Sólo 17 días después de ser ordenado Arzobispo, Oscar Romero tuvo que enfrentar la realidad que ya días lo venía puyando, en esa hora amarga de Rutilio Grande, se dió cuenta que las bestias a las que se enfrentaban, tenían sin cuidado la teología y los cansinos regañones papales. -Quién toca a uno de mis sacerdotes, me toca a mi-, sentenció enfurecido, y desde ese día, firmó su divorcio con las damas calentonas con el pelo a lo Madona, que lo habían seleccionado para ser el padrino de sus hijos y su última visión antes de morir.

Se dio cuenta que el púlpito sonaba más que un parlante de regetonero y desde ese lugar habló tan claro y tan fuerte que para 1979, nadie, por no perderse sus sermones, iba al estadio los domingos por la mañana, ni católicos, ni comunistas, ni el ejército, ni los integrantes de los escuadrones de la muerte.
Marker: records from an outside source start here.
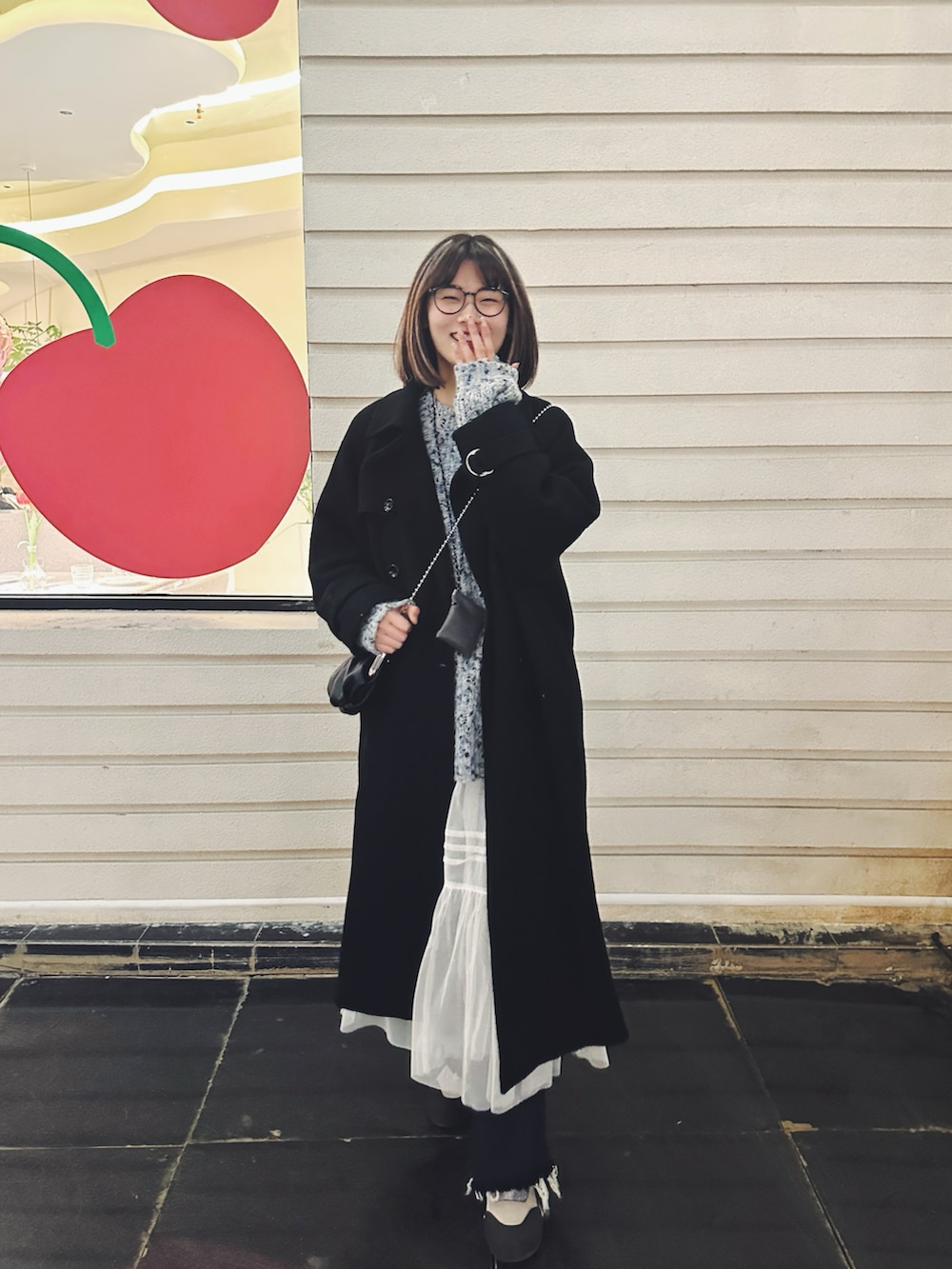 ブラック系のショルダーバッグ、ブラック系のチェスターコート、ホワイト系のワンピースを着用したレディースの春コーディネートの3枚目の写真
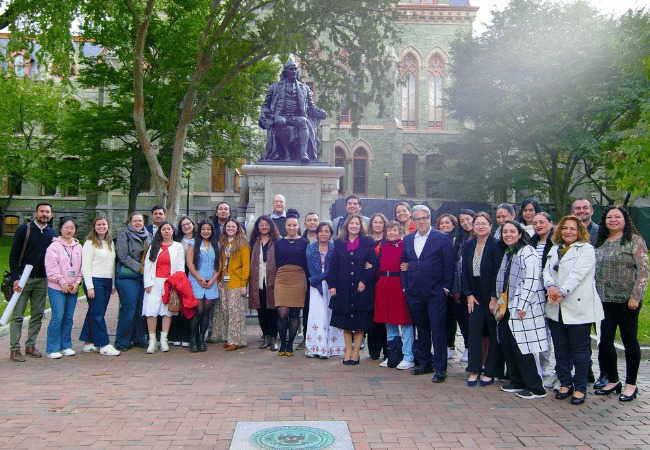 A large group of more than 30 academics from Penn GSE and University of Guadalajara pose for a group photo with the Ben Franklin statue on Penn’s campus.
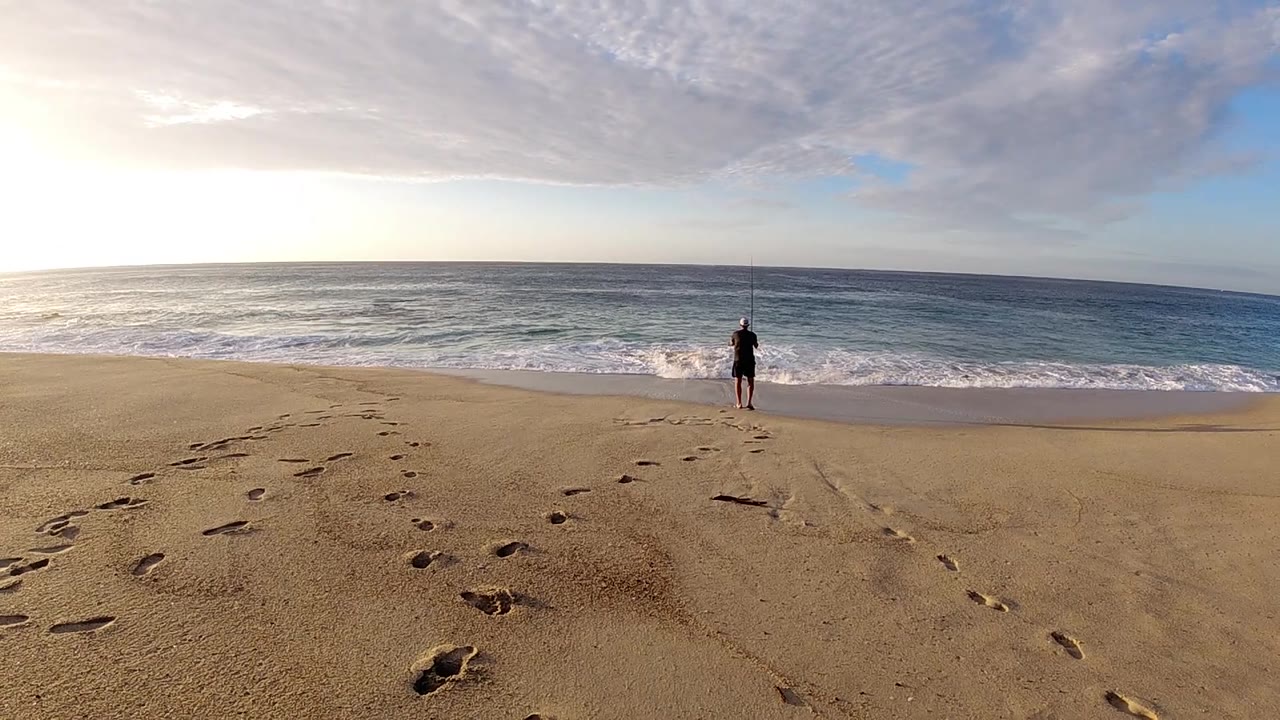 Footprints angle through the foreground while the lone figure stands closer to the breaking waves under layered clouds.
De su boca desaparecieron las alegorías judeo-cristianas y estas fueron sustituidas por frases que acusaban de terroristas y violentos a las estructuras políticas y económicas del país

El 2 de febrero de 1980, en la Universidad de Lovaina, al recibir un Doctor Honoris Causa, pronunció un discurso que es considerado como la premonición de lo que ocurriría en aquel altar de La Divina Providencia de la Colonia Miramontes de San Salvador.

De aquel disparo  en la tarde de un lunes 24 de marzo, mucha agua ha corrido y los engranajes de la fábrica de santos que Wojtyla dirigiera y optimizara han sido calibrados para recibir la figura de Romero, todas sus aristas humanas, todas sus imperfecciones, su denodada humildad, todo ha sido procesado para ofrecer un santo a la altura de los chineros y las estampas, digno, callado y celestial, ideal hasta para salir de background en la foto de un candidato a la Presidencia, lo que me recuerda un genial humorista norteamericano, cuando en un show en el Kennedy Center, dijo que la obra de Cristo era tan colosal que tuvieron que crear una institución como la Iglesia, para destruirla.

Yo siempre lo veré en mi memoria como un coloso, un hombre que hacía lo que decía y decía lo que pensaba, un ser humano sin igual, una estrella lenta pero fugaz, una historia nuestra, sin la baba divina del santo, con sus propios y latinos leones, centuriones y emperadores romanos; una historia que no pudo parar ni Wojtyla, ni Trujillo, ni aquella notita que Ratzinger puso al margen de aquel voluminoso expediente donde se leía la palagra: Dilata.